• What to do
Needed from the data below: every line from the one with "Ein Jahreskalender für 2016 in zwei Formaten Bild: Ein" up to and including the one with "MADE TO ORDER", repeated exactly and with nothing else.

• Data under study

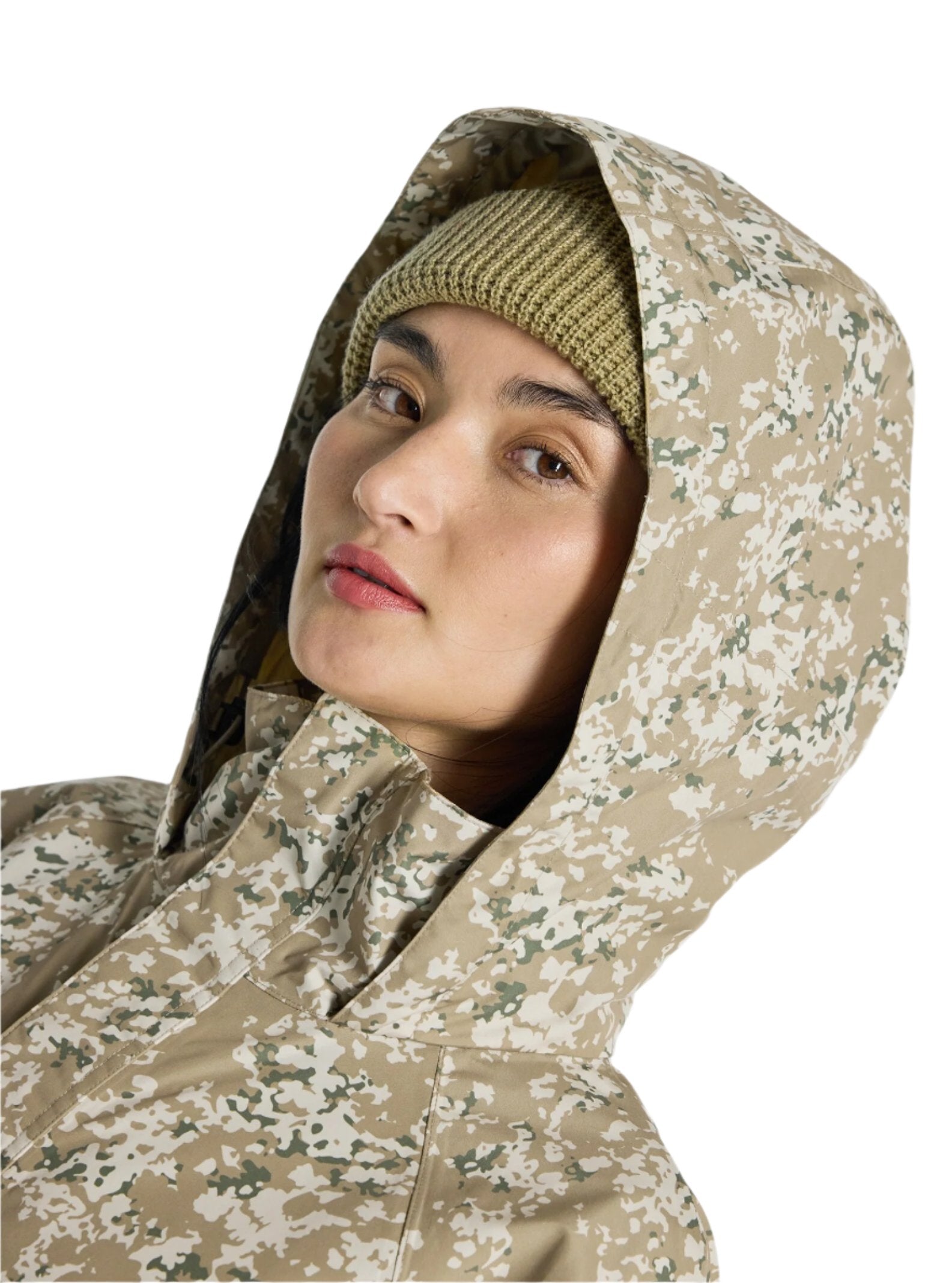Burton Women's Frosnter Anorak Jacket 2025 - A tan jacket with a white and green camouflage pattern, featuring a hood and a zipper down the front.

--

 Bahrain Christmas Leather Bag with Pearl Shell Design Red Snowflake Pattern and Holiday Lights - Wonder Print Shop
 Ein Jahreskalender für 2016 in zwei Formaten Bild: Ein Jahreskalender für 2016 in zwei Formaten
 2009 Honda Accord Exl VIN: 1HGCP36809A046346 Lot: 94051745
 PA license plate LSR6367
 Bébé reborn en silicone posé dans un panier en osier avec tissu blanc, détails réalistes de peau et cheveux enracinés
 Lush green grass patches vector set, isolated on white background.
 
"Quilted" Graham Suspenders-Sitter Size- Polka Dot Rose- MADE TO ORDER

• Finished task
 Ein Jahreskalender für 2016 in zwei Formaten Bild: Ein Jahreskalender für 2016 in zwei Formaten
 2009 Honda Accord Exl VIN: 1HGCP36809A046346 Lot: 94051745
 PA license plate LSR6367
 Bébé reborn en silicone posé dans un panier en osier avec tissu blanc, détails réalistes de peau et cheveux enracinés
 Lush green grass patches vector set, isolated on white background.
 
"Quilted" Graham Suspenders-Sitter Size- Polka Dot Rose- MADE TO ORDER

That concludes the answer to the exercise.